* **EXERCISE OBJECTIVE**
So that the copy stays text only, transcribe the data below exactly and exclude the images.

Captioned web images
-.-.-

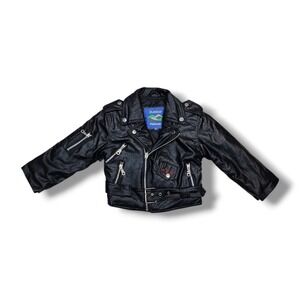Outdoor Habitat Black Faux Leather Biker Jacket Embroidered USA Eagle Size 2T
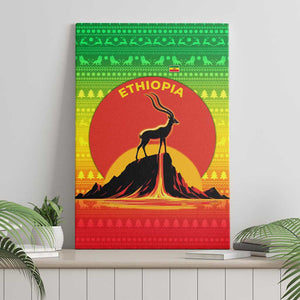 Ethiopia Christmas Canvas Wall Art Mountain Gazelle Sunset Ethiopian Flag - African Pride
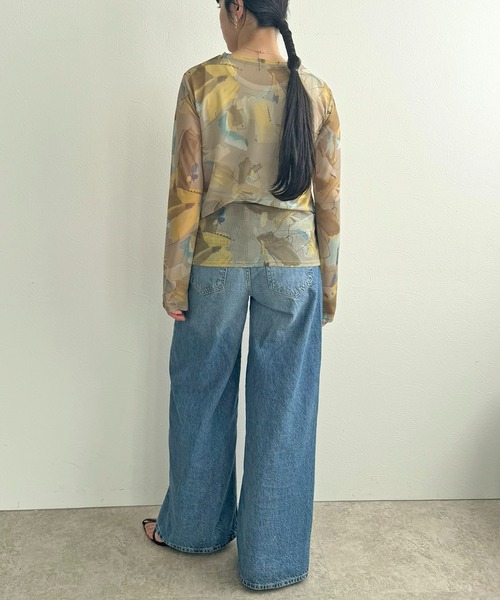 LHELBIE(レルビエ)の「ラフペイントシアートップス(Tシャツ/カットソー・レディース・イエロー/グレイッシュベージュ/ブラック・M)」の21枚目の写真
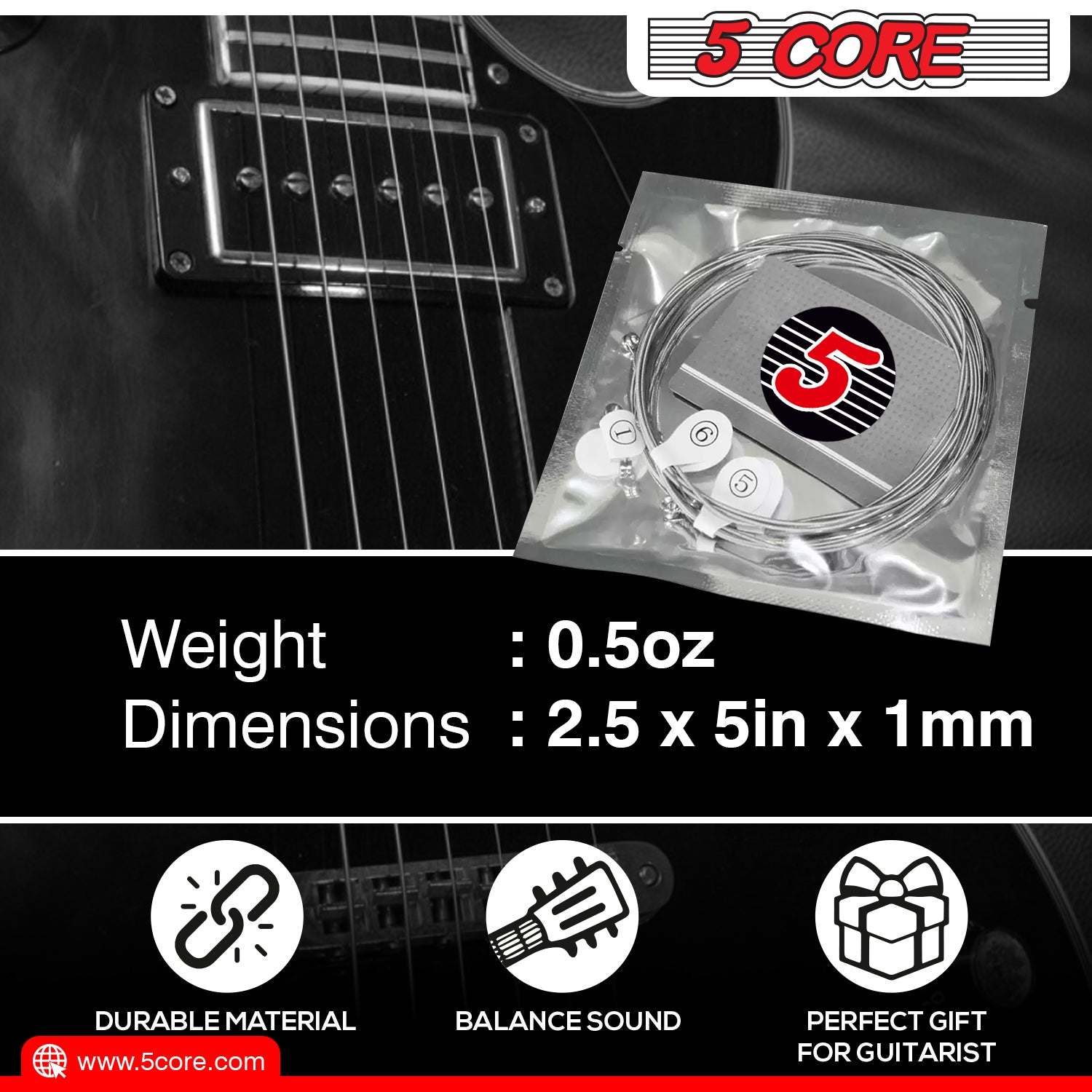 5 Core Electric Guitar Strings in a pack, featuring pure nickel construction and hex core design for enhanced performance.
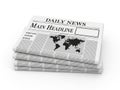 Stack of newspapers with world map headline isolated on white background Royalty Free Stock Photo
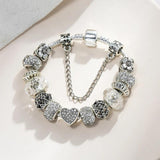 Dinglly Silver Heart Charm Bracelet Crystal Beaded Bangle Jewelry Gift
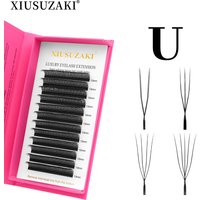 XIUSUZAKI U-Shaped YY 3D 4D 5D Eyelash Extensions New Style U 2D YY Lashes Extension Mink Premade Volume Fans False Eyelashes
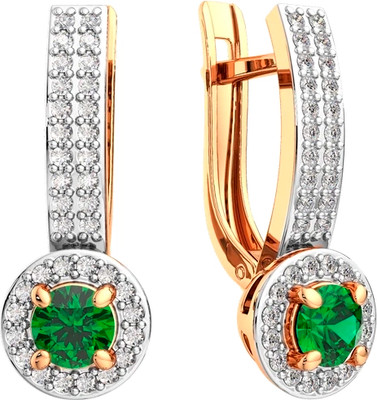 Серьги из розового золота ZORKA 3D20155.14K.R (с бриллиантами и изумрудом)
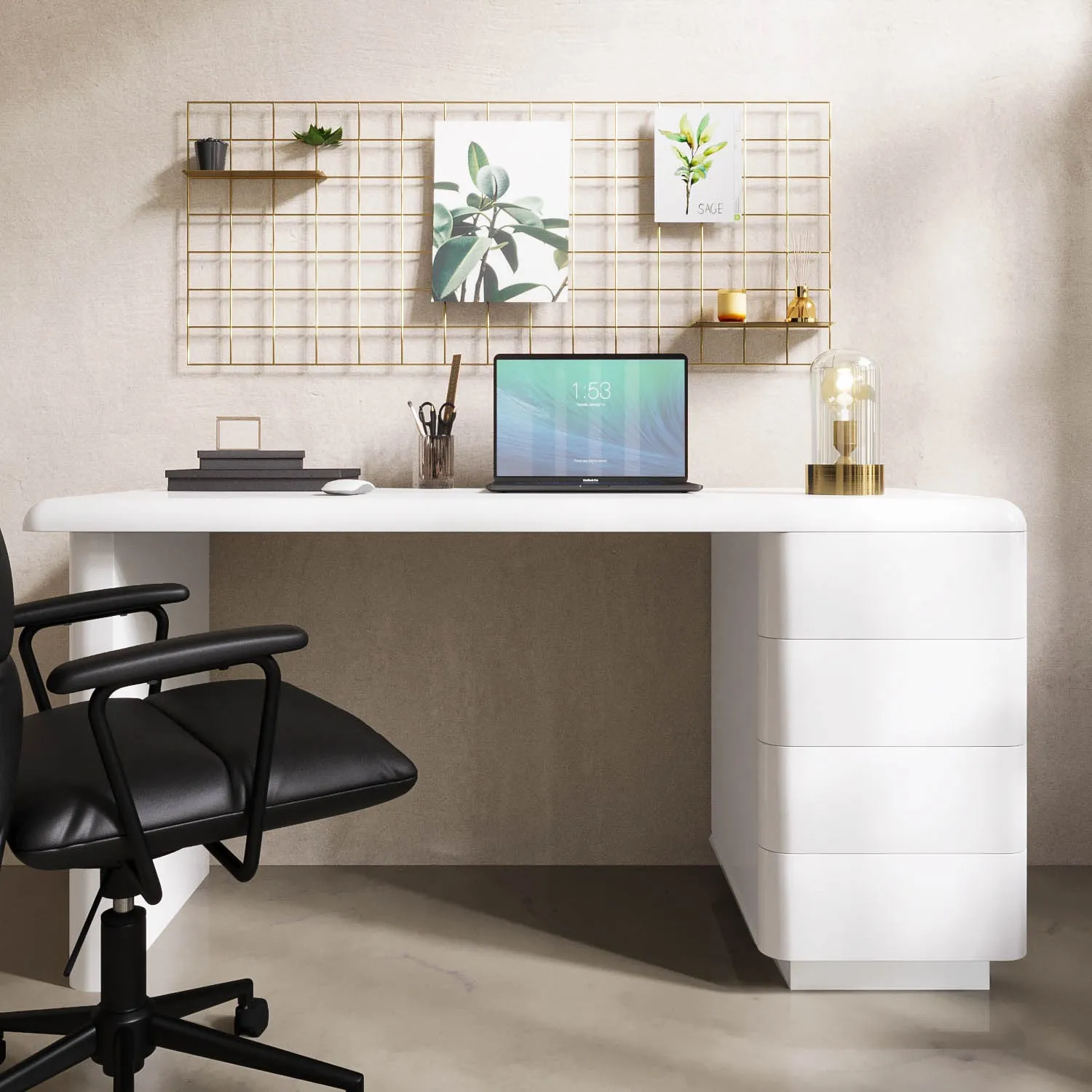 Desk with 4 Drawers - White, MDF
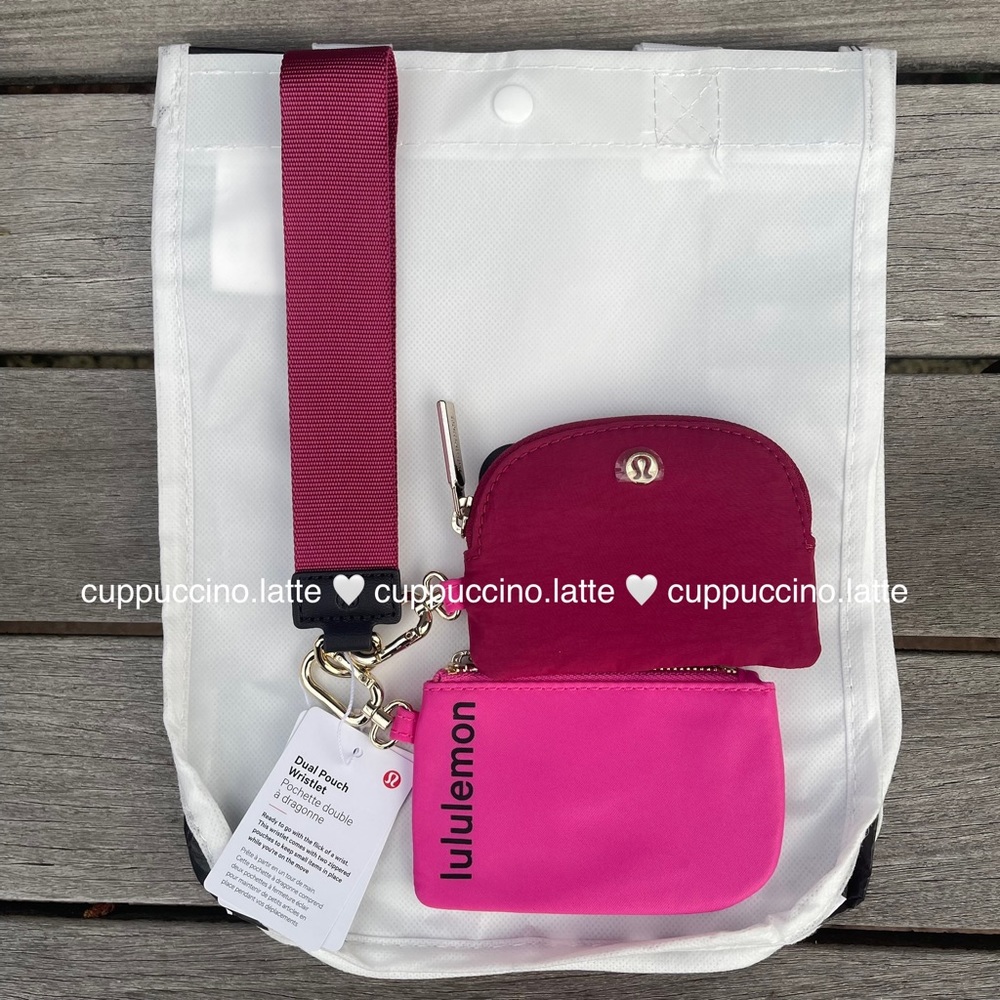 ❤️NWT💗Lululemon Athletica Dual Pouch Wristlet in Pink Sonic/Pomegranate/Black - Picture 1 of 10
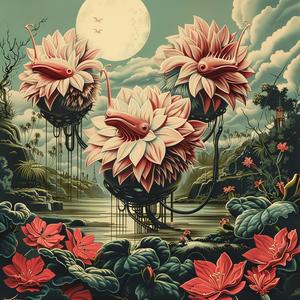 flowers  pond  moon  painting  chromolithography  nature  reflection  artwork  serene  night 1056770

-.-.-

* **SOLUTION TO THE EXERCISE**
Outdoor Habitat Black Faux Leather Biker Jacket Embroidered USA Eagle Size 2T
 Ethiopia Christmas Canvas Wall Art Mountain Gazelle Sunset Ethiopian Flag - African Pride
 LHELBIE(レルビエ)の「ラフペイントシアートップス(Tシャツ/カットソー・レディース・イエロー/グレイッシュベージュ/ブラック・M)」の21枚目の写真
 5 Core Electric Guitar Strings in a pack, featuring pure nickel construction and hex core design for enhanced performance.
 Stack of newspapers with world map headline isolated on white background Royalty Free Stock Photo
 Dinglly Silver Heart Charm Bracelet Crystal Beaded Bangle Jewelry Gift
 XIUSUZAKI U-Shaped YY 3D 4D 5D Eyelash Extensions New Style U 2D YY Lashes Extension Mink Premade Volume Fans False Eyelashes
 Серьги из розового золота ZORKA 3D20155.14K.R (с бриллиантами и изумрудом)
 Desk with 4 Drawers - White, MDF
 ❤️NWT💗Lululemon Athletica Dual Pouch Wristlet in Pink Sonic/Pomegranate/Black - Picture 1 of 10
 flowers  pond  moon  painting  chromolithography  nature  reflection  artwork  serene  night 1056770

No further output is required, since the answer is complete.